Required action » The lines to copy from the listing below are those that contain the string "install".
——
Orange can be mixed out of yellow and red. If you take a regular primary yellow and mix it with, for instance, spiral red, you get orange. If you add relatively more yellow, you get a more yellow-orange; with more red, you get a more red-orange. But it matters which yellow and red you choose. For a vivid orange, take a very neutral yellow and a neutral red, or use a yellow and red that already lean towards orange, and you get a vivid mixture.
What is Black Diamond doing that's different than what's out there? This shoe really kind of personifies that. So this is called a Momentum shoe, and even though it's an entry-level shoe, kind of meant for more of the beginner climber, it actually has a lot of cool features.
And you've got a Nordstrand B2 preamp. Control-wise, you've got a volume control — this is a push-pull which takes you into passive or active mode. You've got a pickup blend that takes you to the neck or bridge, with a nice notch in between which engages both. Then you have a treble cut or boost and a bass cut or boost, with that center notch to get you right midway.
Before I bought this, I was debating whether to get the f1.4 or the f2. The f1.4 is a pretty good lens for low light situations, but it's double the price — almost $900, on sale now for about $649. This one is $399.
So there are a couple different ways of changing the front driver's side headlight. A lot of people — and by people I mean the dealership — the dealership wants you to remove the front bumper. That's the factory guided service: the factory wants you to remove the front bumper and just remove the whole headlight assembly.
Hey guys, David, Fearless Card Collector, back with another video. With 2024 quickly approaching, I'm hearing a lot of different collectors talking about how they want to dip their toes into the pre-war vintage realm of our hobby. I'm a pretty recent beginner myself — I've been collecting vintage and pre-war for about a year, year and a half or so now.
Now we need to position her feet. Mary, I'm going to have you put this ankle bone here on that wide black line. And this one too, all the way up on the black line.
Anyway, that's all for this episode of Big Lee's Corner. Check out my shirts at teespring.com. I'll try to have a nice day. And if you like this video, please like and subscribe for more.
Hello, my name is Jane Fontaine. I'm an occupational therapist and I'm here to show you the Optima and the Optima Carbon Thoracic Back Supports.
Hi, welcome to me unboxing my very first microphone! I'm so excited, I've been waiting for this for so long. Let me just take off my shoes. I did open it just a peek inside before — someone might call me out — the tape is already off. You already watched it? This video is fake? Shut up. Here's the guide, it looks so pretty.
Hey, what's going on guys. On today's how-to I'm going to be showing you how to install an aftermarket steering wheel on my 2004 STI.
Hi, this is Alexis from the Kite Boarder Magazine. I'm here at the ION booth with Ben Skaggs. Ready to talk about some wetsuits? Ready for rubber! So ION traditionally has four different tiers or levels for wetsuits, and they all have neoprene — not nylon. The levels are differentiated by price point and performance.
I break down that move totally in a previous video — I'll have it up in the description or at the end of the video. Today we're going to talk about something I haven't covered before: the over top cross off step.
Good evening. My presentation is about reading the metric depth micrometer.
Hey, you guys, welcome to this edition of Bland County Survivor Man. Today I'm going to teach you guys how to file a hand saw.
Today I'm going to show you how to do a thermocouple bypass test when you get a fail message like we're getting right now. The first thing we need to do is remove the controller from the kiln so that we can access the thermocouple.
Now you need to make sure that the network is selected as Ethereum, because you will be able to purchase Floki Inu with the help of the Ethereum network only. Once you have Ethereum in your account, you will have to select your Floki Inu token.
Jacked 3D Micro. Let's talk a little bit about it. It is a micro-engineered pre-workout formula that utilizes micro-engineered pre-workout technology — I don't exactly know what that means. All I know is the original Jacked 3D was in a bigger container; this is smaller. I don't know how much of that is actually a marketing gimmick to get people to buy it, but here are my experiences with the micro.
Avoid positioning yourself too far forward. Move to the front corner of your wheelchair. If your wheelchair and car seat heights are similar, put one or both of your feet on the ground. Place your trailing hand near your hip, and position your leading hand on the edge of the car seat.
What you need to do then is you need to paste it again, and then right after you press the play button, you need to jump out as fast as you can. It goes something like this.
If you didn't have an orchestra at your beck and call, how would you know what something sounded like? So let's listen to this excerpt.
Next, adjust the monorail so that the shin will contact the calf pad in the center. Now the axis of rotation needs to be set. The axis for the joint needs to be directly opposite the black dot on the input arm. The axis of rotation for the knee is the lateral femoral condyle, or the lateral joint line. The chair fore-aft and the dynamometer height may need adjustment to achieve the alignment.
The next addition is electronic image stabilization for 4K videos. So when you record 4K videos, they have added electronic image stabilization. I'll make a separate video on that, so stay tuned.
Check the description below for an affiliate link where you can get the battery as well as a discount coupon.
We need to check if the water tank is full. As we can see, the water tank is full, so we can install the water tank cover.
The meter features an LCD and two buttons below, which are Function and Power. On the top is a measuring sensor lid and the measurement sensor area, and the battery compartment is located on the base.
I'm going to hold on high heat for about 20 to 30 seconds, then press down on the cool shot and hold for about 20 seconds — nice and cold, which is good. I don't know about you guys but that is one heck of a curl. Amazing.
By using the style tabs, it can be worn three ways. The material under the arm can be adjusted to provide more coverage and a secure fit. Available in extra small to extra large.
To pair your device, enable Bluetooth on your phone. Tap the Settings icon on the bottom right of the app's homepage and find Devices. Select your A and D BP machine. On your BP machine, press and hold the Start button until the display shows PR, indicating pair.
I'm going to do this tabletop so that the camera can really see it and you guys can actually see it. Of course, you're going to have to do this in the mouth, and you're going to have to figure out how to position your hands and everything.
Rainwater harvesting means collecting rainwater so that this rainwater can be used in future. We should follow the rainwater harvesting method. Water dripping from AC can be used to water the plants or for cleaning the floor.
——
Result below »
Hey, what's going on guys. On today's how-to I'm going to be showing you how to install an aftermarket steering wheel on my 2004 STI.
We need to check if the water tank is full. As we can see, the water tank is full, so we can install the water tank cover.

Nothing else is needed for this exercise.